## WHAT YOU SHOULD DO:
There are pictures in the records below; leave them out and set down exactly the lines from the one holding "This is Damon" through the one holding "And then our".

## RECORDS FOR THE EXERCISE:
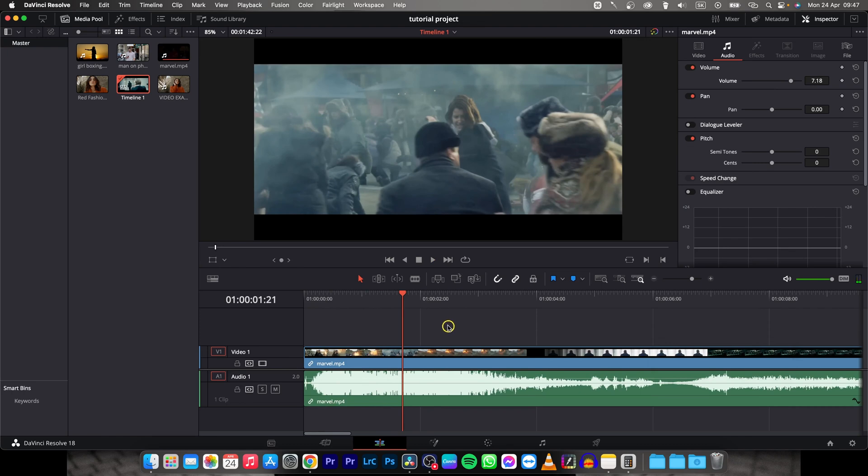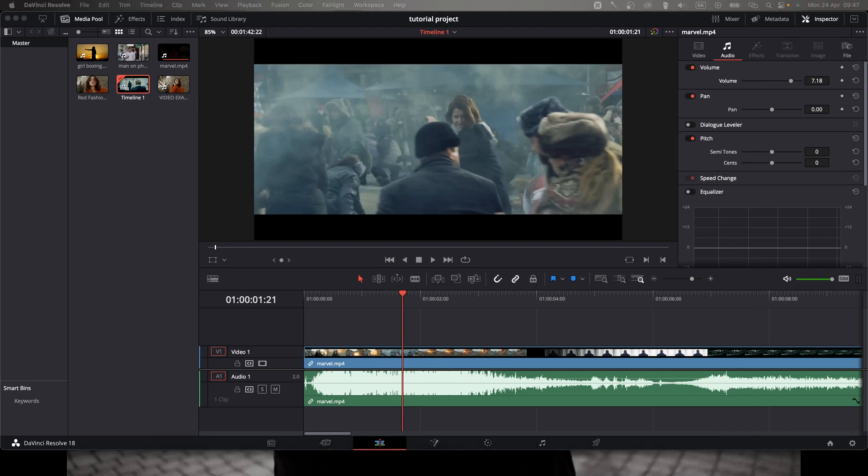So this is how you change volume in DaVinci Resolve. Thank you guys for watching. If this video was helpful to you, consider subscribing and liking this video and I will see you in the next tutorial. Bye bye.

--

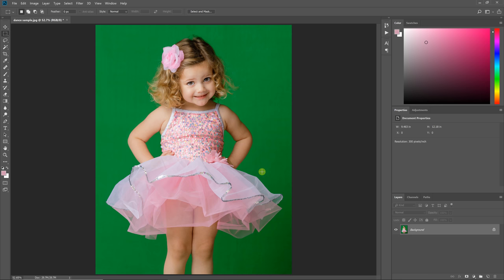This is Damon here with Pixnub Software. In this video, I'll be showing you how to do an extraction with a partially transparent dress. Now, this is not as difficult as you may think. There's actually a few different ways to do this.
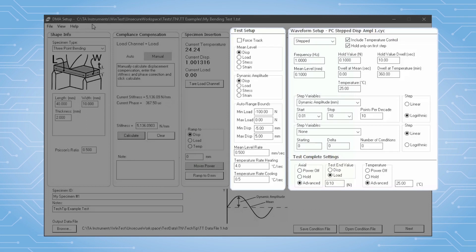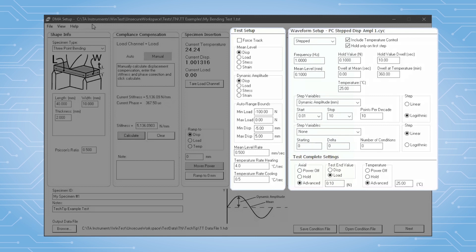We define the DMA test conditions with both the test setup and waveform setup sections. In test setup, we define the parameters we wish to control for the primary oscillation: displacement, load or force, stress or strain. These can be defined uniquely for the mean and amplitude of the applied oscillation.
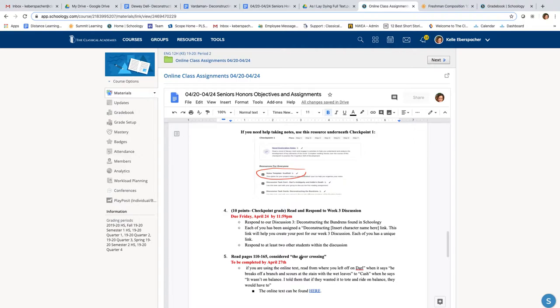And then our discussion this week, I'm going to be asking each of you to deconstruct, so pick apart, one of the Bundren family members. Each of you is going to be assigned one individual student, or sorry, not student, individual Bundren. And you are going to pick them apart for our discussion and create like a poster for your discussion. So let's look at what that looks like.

## WRITTEN SOLUTION:
This is Damon here with Pixnub Software. In this video, I'll be showing you how to do an extraction with a partially transparent dress. Now, this is not as difficult as you may think. There's actually a few different ways to do this.
We define the DMA test conditions with both the test setup and waveform setup sections. In test setup, we define the parameters we wish to control for the primary oscillation: displacement, load or force, stress or strain. These can be defined uniquely for the mean and amplitude of the applied oscillation.
And then our discussion this week, I'm going to be asking each of you to deconstruct, so pick apart, one of the Bundren family members. Each of you is going to be assigned one individual student, or sorry, not student, individual Bundren. And you are going to pick them apart for our discussion and create like a poster for your discussion. So let's look at what that looks like.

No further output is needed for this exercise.